If Patterson had not been sent to the valley at all, but to Washington instead, the Federal force would have been swelled to 55,000 or 60,000 men, while Beauregard's strength could not have been increased by more than a few thousands at most. In that case the result of the first great battle of the war might or might not have been different from what it was—for with wholly untrained troops strength is not always to be accurately measured by numbers. But in any case the probability would have been greatly increased that the first battle of the war should be the last and that the country by quick and complete victory should be spared four years of desolating war that threw homes by scores of thousands into the shadow.
The battle was brought about not in answer to any consideration of military propriety but solely in response to ignorant but irresistible popular clamor. The people of this country knew nothing of modern war or of the conditions that govern success or failure in it. The latest national recollection of war was of the unequal conflict with Mexico nearly a decade and a half before. The American people had never seen assembled in their name and behalf an army half so great as that with which their patriotism had now responded to the country's call. In front of Washington and in the near-by valley of Virginia they had between fifty and sixty thousand men, while their adversaries could muster there only a little more than half as many.
Knowing little of the difference between uniformed men with arms in their hands and seasoned soldiers, the people at the North grew violently impatient of the delay. They had furnished their Government twice as many armed men as the enemy could count, and they could not understand why the double force thus created should not go on at once to make an end of what they regarded as the "nonsense down there in Virginia."
So confident had been the conviction at the North that this was a petty outbreak to be suppressed easily and quickly, that a large part of the enlistments were for no more than three months. That period seemed to them more than adequate to the task in hand, and it had been deemed needless to take young men away from their homes and their employments for a greater length of time.
It is plain enough that the administration at Washington at first shared this conception of the case.
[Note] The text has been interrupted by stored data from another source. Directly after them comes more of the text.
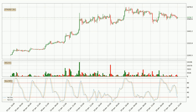Moving to the three-hourly Stochastic RSI, there are no signs of it being oversold or overbought at this time, but the %K line is below the %D line, which means the current trend is on the downside.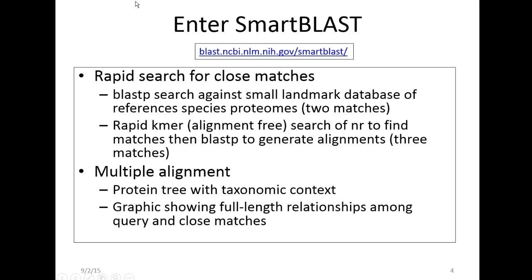SmartBLAST is particularly good at finding those close matches and giving you some context for them. That's the URL — it's linked directly to the BLAST homepage. It's also available when you run a BLASTP search as an option to try. It does a rapid search for close matches in two ways: a BLASTP search against a small landmark database of reference species proteomes, giving you two matches back, and another search against NR.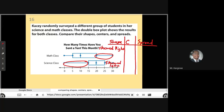Now let's look at the center. The math class has a median of 10, whereas for science there's a median of 20. So science is sending a lot more text messages on a monthly basis — the median number of texts is two times that of math class. Math class is 10, science is 20, so science is sending more text messages on average.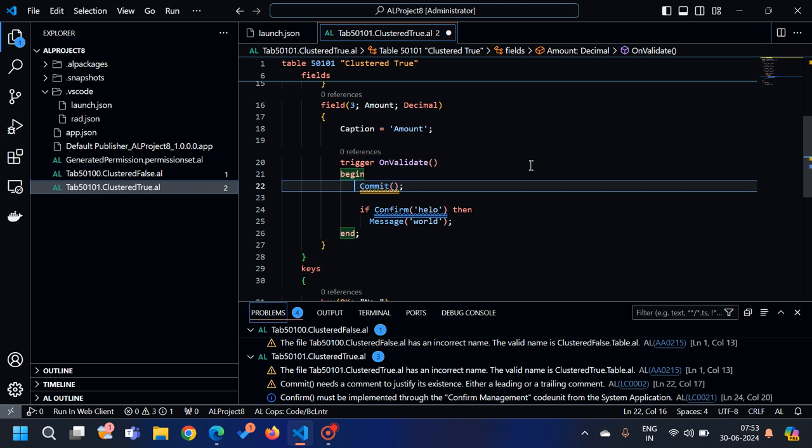Hello friends, welcome to my channel GoDigit. Today in this video we will learn about custom rulesets in Business Central.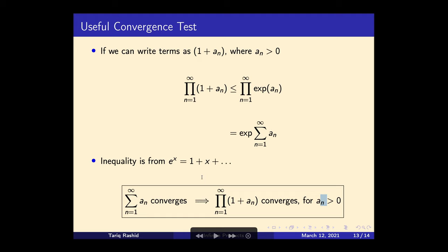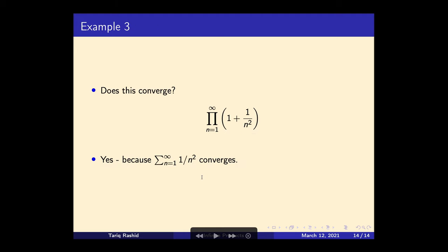Let's apply that. Does the infinite product of (1 + 1/n²) converge? We look at the a_n term, which is 1/n², and ask whether the infinite sum of 1/n² converges. That's the Basel problem, and we know it does — it equals π²/6, as we've seen in a previous video. So yes, the product converges because this sum converges.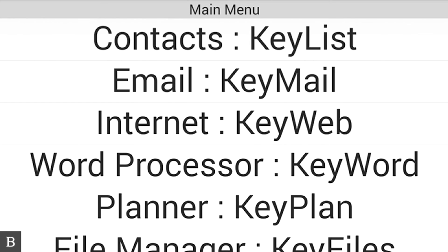We're happy to say that in the BrailleNote Touch, the Keymail client has also been rewritten from the ground up. Keymail has the capability to connect to many different types of email services. Whether you're using Gmail, Exchange, or IMAP, any type of email account you want to connect to, the BrailleNote Touch Keymail can pretty much do that.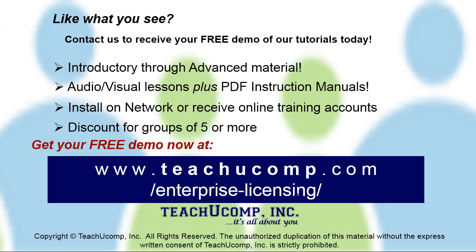Like what you see? Get a free demo of our training for groups of five or more at www.teachucomp.com/enterprise-licensing.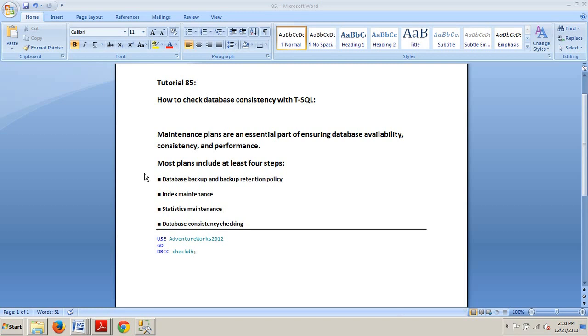Prior tutorials that I've done have focused on backups, index maintenance, and statistics maintenance, which are integral steps in the execution plan. In the next few tutorials we are going to add one more task to the list and that's database consistency checking.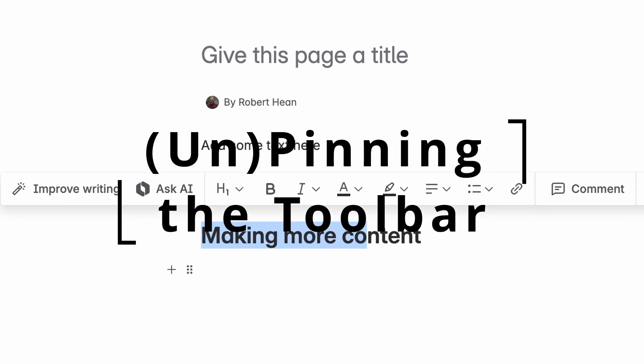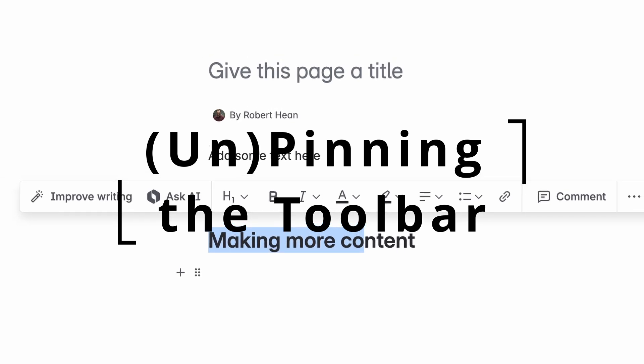Did you know that the Confluence toolbar can now float? A recent update to Confluence allows you to unpin the toolbar. This means it disappears from the top of your screen, but is available on whatever text you're working on. This was done to give folks who prefer a less cluttered visual field a less cluttered visual field.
Otherwise it would neither have called for nor accepted three months volunteers.
But the three months were now nearly expired, and nothing had been done to make an end of the "nonsense." The terms of service of many regiments were soon to expire and there seemed to be no general disposition on the part of the men composing them to enter into new enlistments. It was obvious that unless the "army" at and near Washington should go forward at once, crush Beauregard's greatly inferior force, march on to Richmond and make an end of the difficulty, new levies must be called for and a new strain put upon the endurance and the patience of the people.
All this impatience found daily and often intemperate expression in the newspapers, whose rivalry in clamor fanned the flame of discontent among the people. Desk strategists who knew nothing of war's conditions had an easy task in figuring out with their blue pencils an absolutely certain victory for the Federal arms, if only the Federal generals could be persuaded or compelled by public opinion to avail themselves of their matchless opportunity. "Are not two more than one? And have not we the two to our enemy's one? What dullards and laggards our generals must be to delay for a day or an hour!" So ran the editorial argument, and that argument seemed to the people conclusive and convincing, for the reason that the people generally were as ignorant as the strategists of the editorial rooms themselves concerning the conditions that govern battle and the training necessary to convert civilian volunteers into soldiers fit to face a fire of musketry and cannon.
The military men knew better, of course. Except the superannuated commander-in-chief, General Scott, not one of them had ever commanded so much as a brigade in battle, but at least they had been taught in a military school and many of them had seen fighting. They knew the peril of hurling ill-organized regiments of utterly untrained and undisciplined civilians upon the chosen positions of an armed foe, even when that foe's forces were in a like condition of undisciplined inefficiency. The arithmetical argument in no degree deceived them. They knew that with such men as they had under their command strength could not be safely reckoned by a mere numerical count, that under certain easily imagined conditions, indeed, strength must often be in inverse ratio to numbers. They perfectly knew that for them to advance against the Confederates with an army in such condition as theirs was at that time was to take a fearful risk of defeat, disastrous and demoralizing to the army and dangerously discouraging to the country behind the army.
But the demand on the part of press, pulpit and people for an immediate advance was too insistent, too clamorous, and was rapidly becoming too angry to be longer resisted. It was reinforced by an almost equally insistent demand on the part of the civilian authorities at Washington, whose ignorance of military conditions was scarcely less pronounced than that of the excited editors and orators of the country.